### TASK TO COMPLETE
Locate the line that contains "Bánh Canh Cua Đồng Bột Xắt". Copy it and every following line through the end of the records, exactly, and include nothing else.

___ ENTRIES SUPPLIED

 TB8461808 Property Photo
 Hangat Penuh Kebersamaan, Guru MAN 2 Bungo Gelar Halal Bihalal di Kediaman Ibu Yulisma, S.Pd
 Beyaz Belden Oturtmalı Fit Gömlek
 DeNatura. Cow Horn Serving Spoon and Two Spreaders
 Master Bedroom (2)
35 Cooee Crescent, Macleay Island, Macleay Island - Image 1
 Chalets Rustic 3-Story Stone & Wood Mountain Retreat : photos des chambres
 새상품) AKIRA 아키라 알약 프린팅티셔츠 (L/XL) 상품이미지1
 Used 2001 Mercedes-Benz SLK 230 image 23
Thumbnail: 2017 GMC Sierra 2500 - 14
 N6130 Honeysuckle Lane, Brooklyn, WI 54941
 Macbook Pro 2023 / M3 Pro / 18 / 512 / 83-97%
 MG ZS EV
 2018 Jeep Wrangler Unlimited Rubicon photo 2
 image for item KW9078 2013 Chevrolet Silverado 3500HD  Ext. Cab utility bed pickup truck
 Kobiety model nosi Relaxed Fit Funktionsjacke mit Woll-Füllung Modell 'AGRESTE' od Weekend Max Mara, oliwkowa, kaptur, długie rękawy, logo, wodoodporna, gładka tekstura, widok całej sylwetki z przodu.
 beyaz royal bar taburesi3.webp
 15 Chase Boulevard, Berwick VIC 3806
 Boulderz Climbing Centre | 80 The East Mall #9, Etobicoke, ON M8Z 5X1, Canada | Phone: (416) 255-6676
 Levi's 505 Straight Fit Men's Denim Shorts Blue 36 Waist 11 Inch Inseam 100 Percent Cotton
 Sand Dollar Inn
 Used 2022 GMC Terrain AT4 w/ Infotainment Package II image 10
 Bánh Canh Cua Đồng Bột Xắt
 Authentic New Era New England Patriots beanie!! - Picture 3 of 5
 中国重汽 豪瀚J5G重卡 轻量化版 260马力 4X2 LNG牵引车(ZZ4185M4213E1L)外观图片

______

### RESPONSE FOR THIS EXERCISE
 Bánh Canh Cua Đồng Bột Xắt
 Authentic New Era New England Patriots beanie!! - Picture 3 of 5
 中国重汽 豪瀚J5G重卡 轻量化版 260马力 4X2 LNG牵引车(ZZ4185M4213E1L)外观图片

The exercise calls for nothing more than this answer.